A computational framework for quantifying collective ferroptosis dynamics from live-cell imaging. Using single-cell death times, morphological death fates (necrotic vs apoptotic-like), and cell positions, the framework computes spatiotemporal statistics that distinguish single-cell from propagative ferroptosis:

  • Spatial Segregation Index (SSI): quantifies whether different death fates cluster in space.
  • Spatial Propagation Index (SPI): quantifies whether neighboring cells of the same fate die more synchronously than expected by chance.

These metrics enable systematic comparison across perturbations (e.g., GPX4 inhibition vs glutathione depletion) and help reveal mechanisms underlying locally propagative, lysosome-linked death waves in cell populations.

To examine the full paper, please visit [URL]

Overview figure


Key Features

  • Cell death quantification of collective ferroptosis from time-lapse imaging.
  • Spatial segregation index evaluating tendency of same death group to cluster.
  • Voronoi-based neighboring cells detection with a biologically motivated distance cutoff of 100 microns.
  • Permutation testing (bootstrapping) for statistical significance of SSI and SPI.
  • Reproducible scripts for preprocessing → SSI/SPI computation → plotting and figure generation
  • Designed to support multiple biological replicates and varying acquisition rates (e.g., 5-min and 10-min imaging)

Repository Structure

CellDeathSpreading/
├── README.md
├── environment.yml             # full requirments for installing the relavant enviroment to generate the results in the paper and apply it on other datab
├── main.py
├── LICENSE
├── figures/                    # figures in paper that were the results of this analysis
├── notebooks/                  # notebooks
│   ├── paper_figures/                # generating the paper figure of SPI and SSI analysis
│   ├── sensitivity_analysis/                  # performing sensitivity analysis of distance threshold and time sliding window 
│   └── statistical_signifigance/  
│             # reproming permutation tests + p-values
├── src/                        # main scripts of SSI and SPI quantifications
├── data/   
│   ├──  mixed_death_annotations  # csvs of manual annotation of death times and modes
│   └── metadata.csv                # metadata of expreiments that were manually annotated in mixed_death_annotations  
│ 
└── results/                    # csvs summery of running the analysis on data stored in /data    

Setup Instructions

Quick Start

# 1) Clone and enter repo
git clone https://github.com/zaritskylab/CellDeathSpreading.git
cd CellDeathSpreading

# 2) Create and activate environment
conda env create -f environment.yml
conda activate CellDS

Configuration

Experiments are configured via command‑line arguments

Run Example 1

# Run SPI only, using mixed experiments
python main.py \
  --run_analysis spi \
  --data_dir /path/to/data \
  --results_dir /path/to/results \
  --files_to_analyze mixed \
  --sliding_window_size 5 10 \
  --distance_threshold 50 100 \
  --n_permutations 1000

Run Example 2

# Run SSI only over mixed co-culture experiments
python main.py \
  --run_analysis ssi \
  --data_dir /path/to/data \
  --results_dir /path/to/results \
  --files_to_analyze mixed \
  --distance_threshold 100

Run Example 3

# Run both SPI and SSI and save to custom CSV names
python main.py \
  --run_analysis all \
  --spi_csv_file AllExperimentsSPIs_updated.csv \
  --ssi_csv_file SSI_sensitivity.csv

To run main on new data:

The data should be csvs of time of death, mode of death and the location of cells with columns: death_time, death_mode, cell_x, cell_y.
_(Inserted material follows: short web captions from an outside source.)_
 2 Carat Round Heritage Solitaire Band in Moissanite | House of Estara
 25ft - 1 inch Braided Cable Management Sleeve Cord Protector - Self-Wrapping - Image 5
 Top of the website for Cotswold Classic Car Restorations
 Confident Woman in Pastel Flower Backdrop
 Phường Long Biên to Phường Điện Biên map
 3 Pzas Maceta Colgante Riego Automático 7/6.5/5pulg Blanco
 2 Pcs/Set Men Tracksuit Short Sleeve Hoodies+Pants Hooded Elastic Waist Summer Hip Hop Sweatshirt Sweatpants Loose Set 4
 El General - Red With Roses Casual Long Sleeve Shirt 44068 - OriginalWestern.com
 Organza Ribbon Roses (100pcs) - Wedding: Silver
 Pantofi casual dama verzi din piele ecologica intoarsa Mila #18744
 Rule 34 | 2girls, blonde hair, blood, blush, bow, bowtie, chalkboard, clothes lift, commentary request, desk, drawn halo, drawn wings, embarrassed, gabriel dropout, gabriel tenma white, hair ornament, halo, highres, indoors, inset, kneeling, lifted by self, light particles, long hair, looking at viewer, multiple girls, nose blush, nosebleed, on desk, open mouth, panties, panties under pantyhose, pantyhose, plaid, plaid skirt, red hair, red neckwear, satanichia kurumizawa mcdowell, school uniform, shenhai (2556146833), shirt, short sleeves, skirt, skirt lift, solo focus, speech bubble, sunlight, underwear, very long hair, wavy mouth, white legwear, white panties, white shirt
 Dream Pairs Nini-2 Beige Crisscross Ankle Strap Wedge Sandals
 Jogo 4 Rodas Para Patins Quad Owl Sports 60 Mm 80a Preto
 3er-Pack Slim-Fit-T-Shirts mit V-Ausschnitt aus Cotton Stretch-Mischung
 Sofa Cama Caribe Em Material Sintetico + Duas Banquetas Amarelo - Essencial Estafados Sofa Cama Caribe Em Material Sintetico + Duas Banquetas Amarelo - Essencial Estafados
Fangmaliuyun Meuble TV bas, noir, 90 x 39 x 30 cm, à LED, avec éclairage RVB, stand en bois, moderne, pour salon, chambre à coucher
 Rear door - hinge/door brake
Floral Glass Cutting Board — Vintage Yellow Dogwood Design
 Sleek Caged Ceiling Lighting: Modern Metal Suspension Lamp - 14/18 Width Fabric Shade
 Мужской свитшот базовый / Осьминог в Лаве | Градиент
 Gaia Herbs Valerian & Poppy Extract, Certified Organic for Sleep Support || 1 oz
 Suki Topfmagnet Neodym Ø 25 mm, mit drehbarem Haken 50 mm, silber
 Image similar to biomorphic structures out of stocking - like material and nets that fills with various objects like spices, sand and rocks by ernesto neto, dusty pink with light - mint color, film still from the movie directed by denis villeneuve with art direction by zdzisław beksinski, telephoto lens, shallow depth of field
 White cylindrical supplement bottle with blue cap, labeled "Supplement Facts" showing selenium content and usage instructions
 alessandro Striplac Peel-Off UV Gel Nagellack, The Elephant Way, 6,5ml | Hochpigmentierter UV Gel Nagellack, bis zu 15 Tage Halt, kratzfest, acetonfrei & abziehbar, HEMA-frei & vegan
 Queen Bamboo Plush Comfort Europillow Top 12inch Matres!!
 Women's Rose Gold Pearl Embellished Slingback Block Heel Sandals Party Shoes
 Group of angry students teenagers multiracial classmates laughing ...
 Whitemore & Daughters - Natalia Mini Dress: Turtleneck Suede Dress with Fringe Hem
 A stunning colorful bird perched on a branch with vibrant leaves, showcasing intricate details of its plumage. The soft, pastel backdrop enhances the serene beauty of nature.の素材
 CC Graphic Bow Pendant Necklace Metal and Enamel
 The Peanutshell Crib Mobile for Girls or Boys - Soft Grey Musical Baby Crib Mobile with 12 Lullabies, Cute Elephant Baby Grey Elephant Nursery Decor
Metadata csv should be provided with the same template in .data/ dir based on metadata extracted from the raw time-lapse.

Regeneration of paper figures:

To regenerate all main figures in paper, please visit .notebooks/paper_figures.ipynb


Citation

If you use this code in academic work, please cite the associated paper.

Journal version (recommended):

@article{das_inpress_ferroptosis,
  title   = {Ferroptosis induces heterogeneous death profiles that are controlled by lysosome rupture},
  author  = {Das, Jyotirekha and Hombalkar, Saloni K. and Klein, Alison D. and Nsasra, Esraa and Vasandani, Muskaan and Petruzzi, Kay and Lu, Dajun and Ruiz, Stephen and Kliper-Gross, Orit and Hu, Jiachen and Riegman, Michelle and Jiang, Xuejun and Heller, Daniel A. and Zaritsky, Assaf and Bradbury, Michelle S. and Overholtzer, Michael},
  journal = {Developmental Cell},
  year    = {2025},
  note    = {In press},
  doi     = {TBD}
}

License

This repository (including data, documentation, and figures where applicable) is intended for academic/research use and is released under CC BY-NC 4.0. See LICENSE for details.


Resources

This repo was carried out with the major help of this repo: [https://github.com/Yishaiaz/CellDeathQuantification]


Contact

Please contact esraan@post.bgu.ac.il or assafzar@gmail.com for comments or questions regarding this repo.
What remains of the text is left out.